Long intrigued especially by night colors created both naturally and artificially, I am similarly drawn to the stillness of the very late night hours.  Even if I am locked in my car as I go out scouting for ideas, I am interested in how limited light at night affects the scene and how illumination from park lamps and street lights focuses one's attention on paths to be walked or driven.  Sometimes I take liberties with the physical properties of the moon and stars, and even park lamps,  in order to utilize their illumination advantageously in my compositions.  

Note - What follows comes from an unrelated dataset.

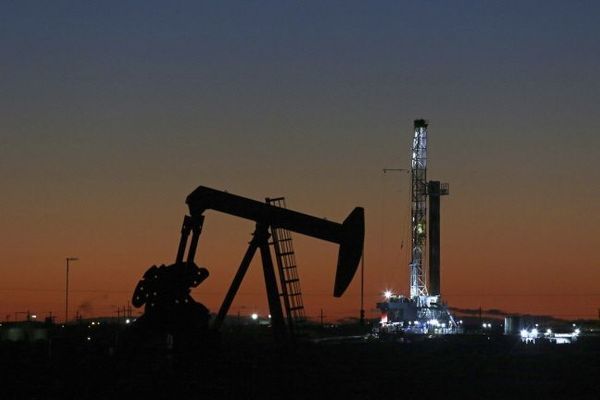 미국 텍사스주 미들랜드의 석유 굴착기와 펌프 잭 모습.ⓒAP/뉴시스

I often work in a series that has a similar palette, size or theme.  For instance, while the two "Sidewalks Through the Night" series are closely related, the first group is slightly smaller, colors are less saturated and the viewpoint is generally closer.  In contrast, the second series takes a longer vantage point with more saturated deep greens and blues and brings in the distant sky to give each painting a more expansive perspective.

The impetus for the paper quilts came from a dire need at my mid-life stage to get rid of old work.  As I started this difficult process of destroying work I had spent countless hours on,  I was struck by something.  While I had no doubt that each painting in my pile was not good enough to keep, I couldn't help noticing how many small areas there were in each painting which were quite lovely. I thought of how a quilter will take apart a garment which is no longer in style or no longer fits, but use the fabric to make something else that can be useful and beautiful.  So I decided to chop these pieces up into small parts and see what happened.  I found the process of being able to adapt and reuse these little parts fun, engaging and it appealed to my recycling bent.  Plus this method was much easier than torching the whole lot!

The oil pastel baseball scenes stem from my love of baseball.  I love to listen to games on the radio while I work.  My aesthetic interests about baseball center around the field, the dimensions, the symmetry and the park-like setting.  Then you add in the colors, especially with the lights at night, and it's a wonderful contrast against a night sky. I like to focus not on particular parks because that gets too close to sentimentality but just on the field.  That means you'll find no fans, no players, no cars in these scenes.

I started a small business of making busts of famous women and great baseball players about twenty years ago.  The impetus for this project started when I was examining my husband's collection.  He used to collect statues of famous people--didn't matter who the person was as long as they were identifiable and had some claim to fame. I soon realized how few women were in his collection and since I often bought "heads" to give him, both of us would have purchased busts of women if they had been available.  I decided to try to fill the void with Great American Women.  I concede that I am not much of a sculptor but at least I've given three dimensional form to some great women.  The baseball players was a different story--my husband told me who he would like to have a bust of and I made it.  All old timers but great classic players.